Maroc : La grogne populaire monte d’un cran
La colère des Marocains n’est pas près de passer. Avec le chaos économique annoncé et les perspectives socio-économiques qui s’assombrissent, c’est le bouillonnement sur le front social et de nouvelles grèves et manifestations sont annoncées.
Ainsi, la Coordination nationale des enseignants de « la cellule 10 » au Maroc a exprimé son intention de reprendre ses mouvements de protestation en organisant un sit-in parallèlement à une grève nationale, les 17 et 18 janvier en cours. « La situation actuelle risque de provoquer plus de tensions », a indiqué la Coordination marocaine dans un communiqué, mettant en cause « le non aboutissement du dialogue sectoriel qui ne répond pas aux attentes les plus basiques du personnel de l’éducation ». La Coordination nationale des enseignants de « la cellule 10 » assure, en outre, que « la situation qui prévaut actuellement a gâché les opportunités de créer un climat de stabilité dans le secteur de l’éducation, en prêtant attention à ce qui peut améliorer les conditions du personnel de l’éducation ».
Tenant le ministère de l’Education pour responsable du climat de tension qui prévaut dans le secteur, la Coordination a condamné ce qu’elle a qualifié « d’atteinte aux conditions matérielles déjà détériorées des travailleurs du secteur, à travers des ponctions sur salaires dues à l’exercice de leur droit de grève ». Dans ce contexte, elle a exprimé « son rejet de l’emprisonnement et la multiplication des poursuites judiciaires contre les enseignants ». Les enseignants rejoignent ainsi dans la protesta, les étudiants qui maintiennent la pression depuis plusieurs semaines, pour dénoncer les nouvelles conditions de recrutement dans le secteur de l’éducation nationale jugées injustes. De leur côté, les professionnels des agences de voyages au Maroc poursuivent leurs actions de protestation contre la mesure de fermeture des frontières prolongée par le Makhzen, en investissant la rue afin de dénoncer cette décision ayant eu de « graves » conséquences sur le secteur. A l’appel de l’Association nationale des agences de voyages du Maroc (ANAVM), un sit-in des opérateurs de voyages a été organisé hier devant le siège du ministère du Tourisme à Rabat, afin d’alerter le régime du Makhzen sur les « énormes pertes matérielles et morales résultant de l’arrêt définitif de leurs activités en raison de la fermeture des frontières » qui vient d’être prolongée jusqu’à la fin du mois en cours.

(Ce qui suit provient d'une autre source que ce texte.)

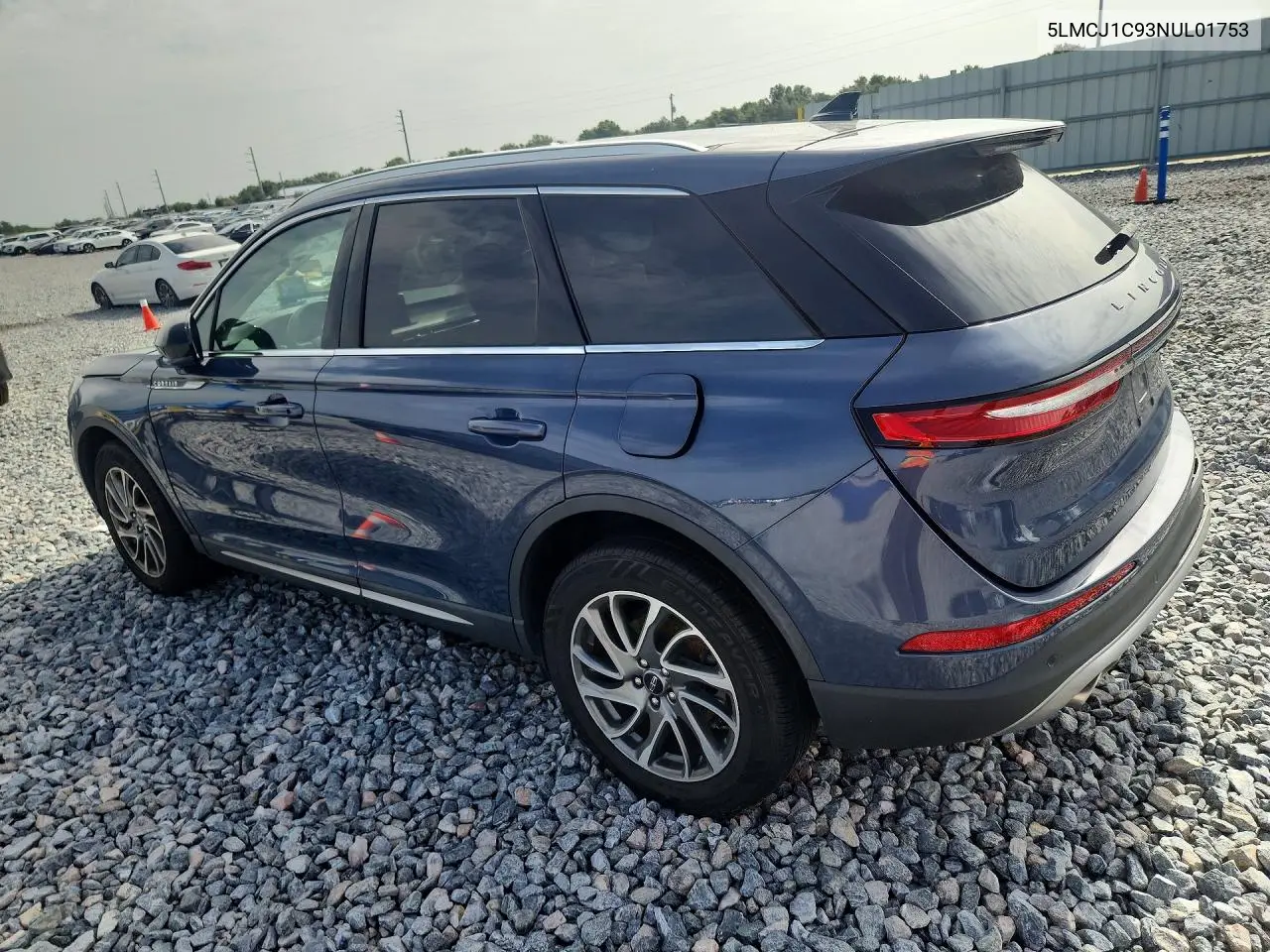 2022 Lincoln Corsair VIN: 5LMCJ1C93NUL01753 Lot: 60784286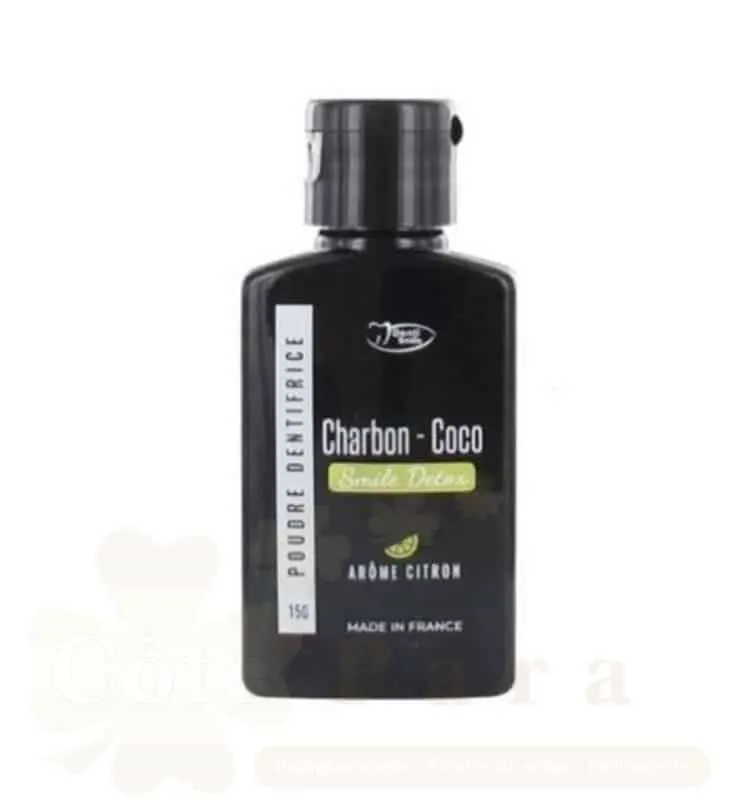 DENTI SMILE CHARBON-COCO POUDRE DENTIFRICE CITRON 15G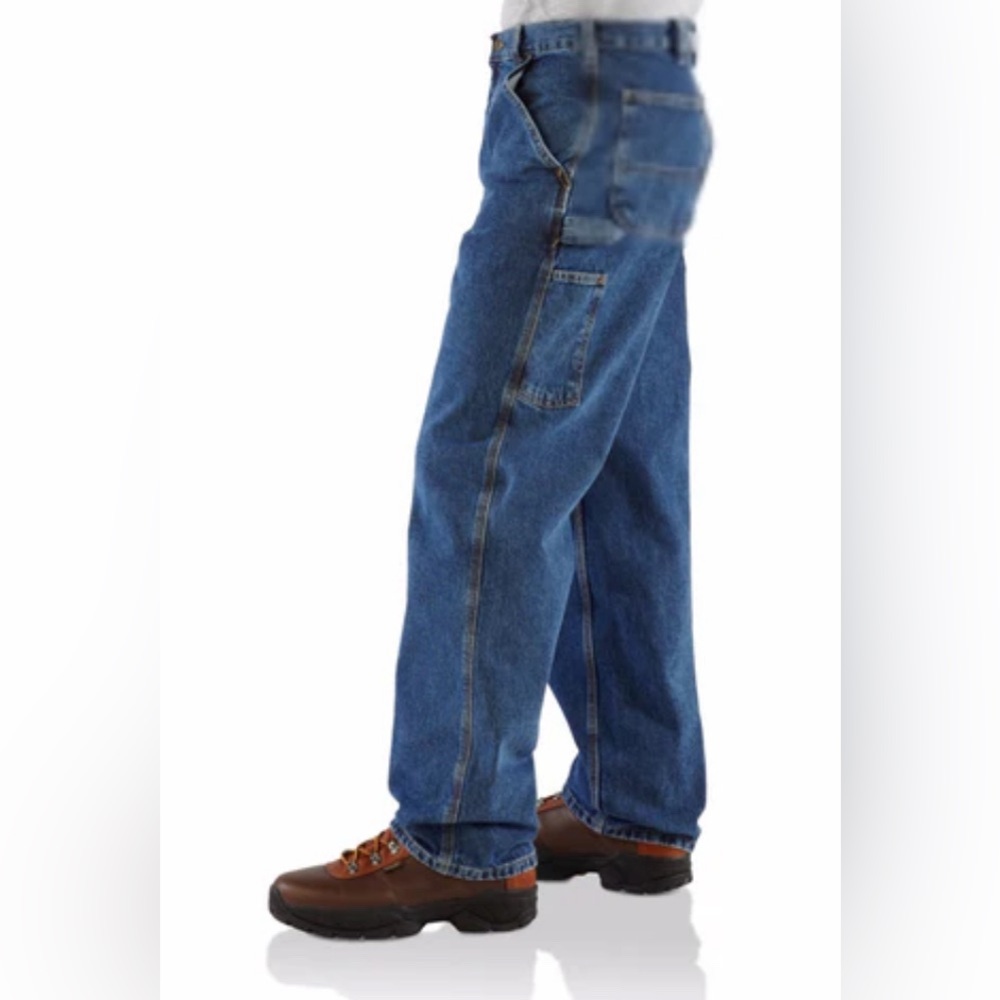 Carhartt Loose Original Fit‎ Work Dungaree Carpenter Jeans B13 DPS 36x32 NWT - Picture 3 of 12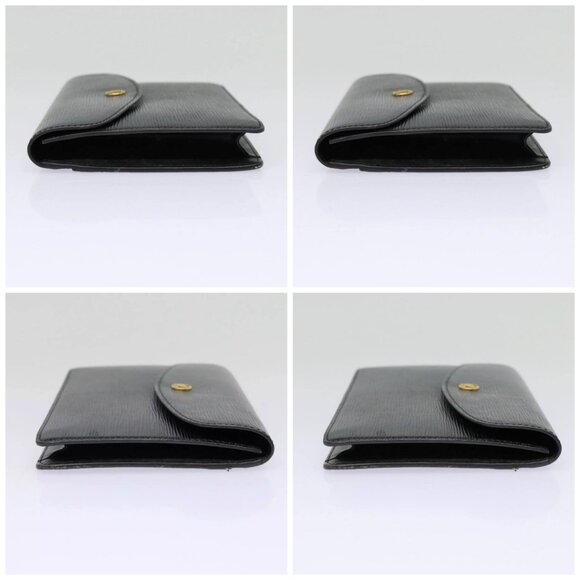 LOUIS VUITTON Epi Montaigne 23 Clutch Bag Black M52662 LV Auth 88335 - Picture 16 of 16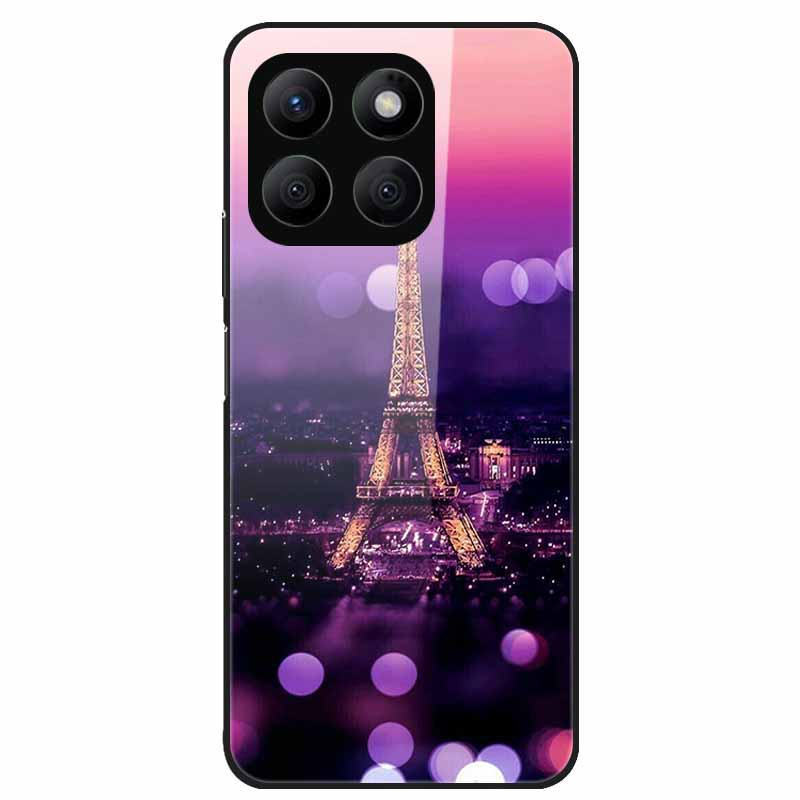 For Honor X8C Case Tempered Glass Hard PC Back Shell for Honor X8C 4G Phone Cases Bumper Covers for HonorX8C X 8C Fashion Shells
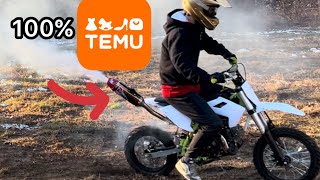 Temu Exhaust On Temu Dirtbike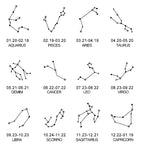 Constellation Zodiac Sign Pendant Necklace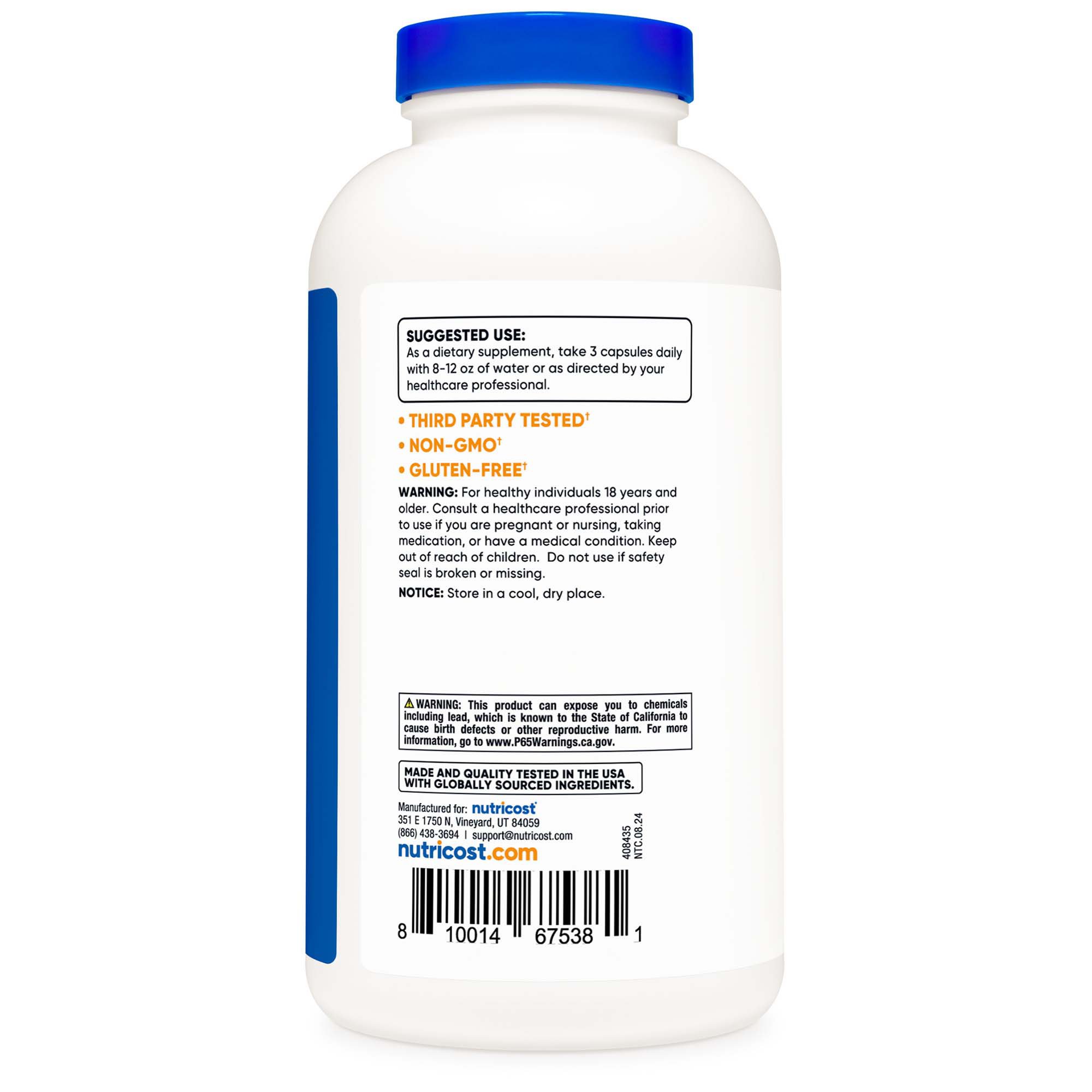 nutricost Dietary Supplement NTC056101 by Nutricost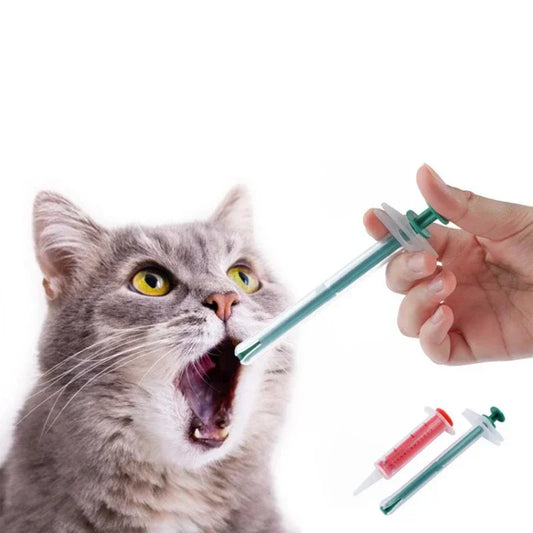 Pet Medicine Feeding Dispenser With Soft Tip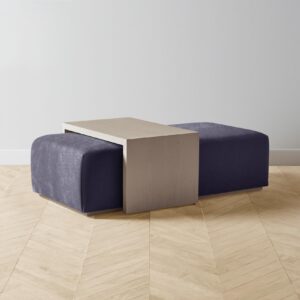 bowery-ottoman_performance-velvet-flannel_driftwood2.0.jpg The Bowery Ottoman - Performance Velvet Flannel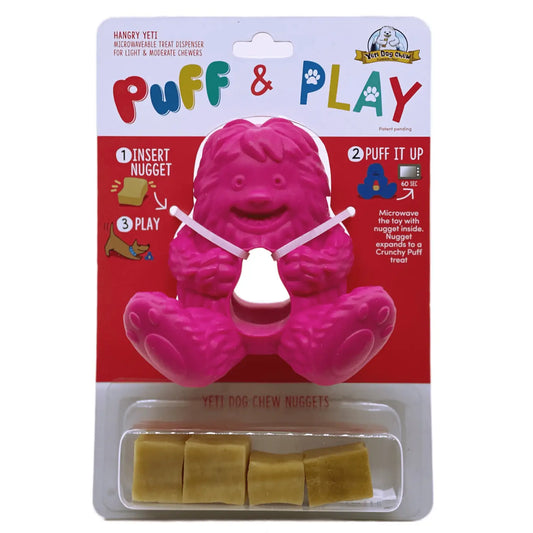 Yeti Dog Chew Puff & Play Hangry Yeti Pink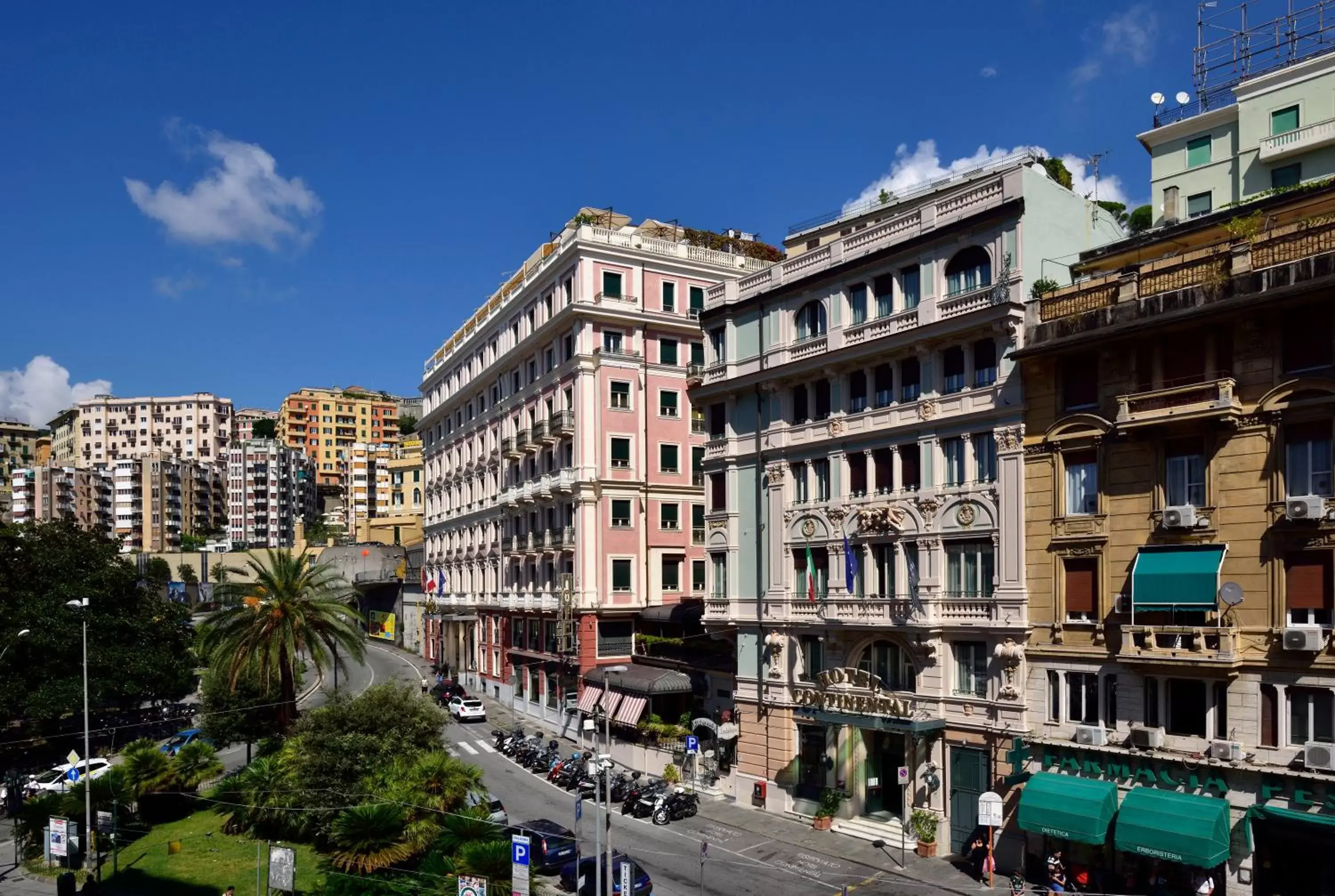 Facade/entrance in Hotel Continental Genova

Selon des récentes statistiques fournies par les professionnels du tourisme au Maroc, entre 50 à 80 % des agences de voyages ont baissé le rideau durant ces deux dernières années, en raison de la pandémie et des mesures de riposte prise par le régime du Makhzen.
Le secteur du tourisme est d’ailleurs frappé de plein fouet par la crise qui a induit un chômage massif dans le secteur. La grogne touche aussi le secteur de la santé.
Pour le chercheur marocain, Driss El-Ganbouri, e gouvernement marocain a « choqué » l’opinion publique à travers les décisions qu’il a prises et qui ont eu des répercussions « négatives » sur le plan social. Le nouveau gouvernement dirigé par Aziz Akhannouch « a choqué les électeurs et l’opinion publique en prenant certaines mesures qui ont des répercussions sociales négatives, comme la limitation à 30 ans de l’âge maximal pour participer au concours de recrutement dans le secteur de l’éducation, une décision qui a beaucoup nui à l’image du gouvernement auprès des citoyens », a souligné Driss El-Ganbouri dans une déclaration à « El-Qods al-Arabi ». Cette même décision « aura aussi des répercussions dans les années à venir sur le plan social notamment dans le domaine de l’emploi et du marché du travail », a ajouté le chercheur. Pour rappel, le Parti du progrès et du socialisme (PPS) avait évoqué dans un communiqué que « les secteurs économique, social et culturel ainsi que les populations vulnérables et pauvres ont été durement affectés par les décisions du nouveau gouvernement marocain, dont le programme ne contient aucun élément qui démontre que le gouvernement travaille sérieusement pour répondre aux attentes des populations des zones rurales et montagneuses, écouter les doléances des habitants de ces régions et d’en faire des espaces de création de richesse et d’intégration sociale et économique ». Le parti marocain tire la sonnette d’alarme quant à « la détérioration de la situation dans les zones rurales et montagneuses, de plus en plus isolées en période d’hiver et de pluies, faisant vivre des dizaines de milliers de familles dans une situation extrêmement difficile au lieu d’un développement durable ». Dans le même contexte, Hassan Abdi, chercheur et enseignant à l’école nationale du Commerce à Agadir a souligné que le régime marocain a préparé un plan visant à « étouffer » les revendications populaires légitimes, en adoptant une politique de « division de la société ».